He didn't ask me to take my natty leather jacket off and I didn't volunteer to get comfortable. So I sat down and...

Leather touched leather. Treated. Not suede, but tanned leather that reaches out and hangs on to it's compatriot material with a ferocity that can only be overcome by a pronounced movement. Then leather gives up its cling to leather with a audible sound that is the closest facsimile to a human...

Fart.

"Sit down."

"Thanks (fart)"

"Good to meet you." Extends hand. Hand is accepted and shook.

(fart) (fart) (fart)

"Tell me about yourself."

"Well," I lean forward (fart) I relax a bit (fart) I gesture (fart) I smile in a friendly manner (fart).
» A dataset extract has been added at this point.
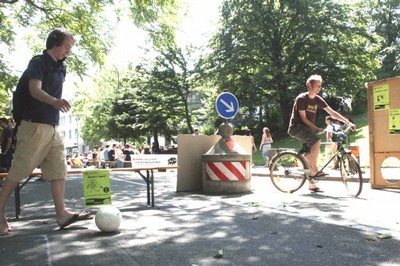 Fussbälle, Fahrräder und Bänke auf der Rempartstraße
"Here are some of our books. Take a look." (fart) "Very nice, where do you print them?" (fart) "I like the design" (fart) "How much do you contract out versus single source (faaaaaaarttttt).

Apparently, questions with serious intent cause some involuntary body posturing.

At this point, I gave up. I sat back a bit and happily chatted and (farted) for the rest of the hour.

We talked money (fart). He offered me the job and more than I was asking for (fart!). He asked me to come and talk to the VP of sales the next week, just as a formality.

I would (fart).

"Don't worry, you got the job. This is just so he feels comfortable."

"Ok, thanks (fart)."

"Wear a suit though. And make sure your overcoat is cloth."

(fart).

1 Comments:

Anonymous Anonymous said...

Bun --

Ok, I'm laughing so hard I now have a hernia. Oh wait, I had that before. Anyway, something bad happened. The two new stories are your best yet. And keep swiping the news!!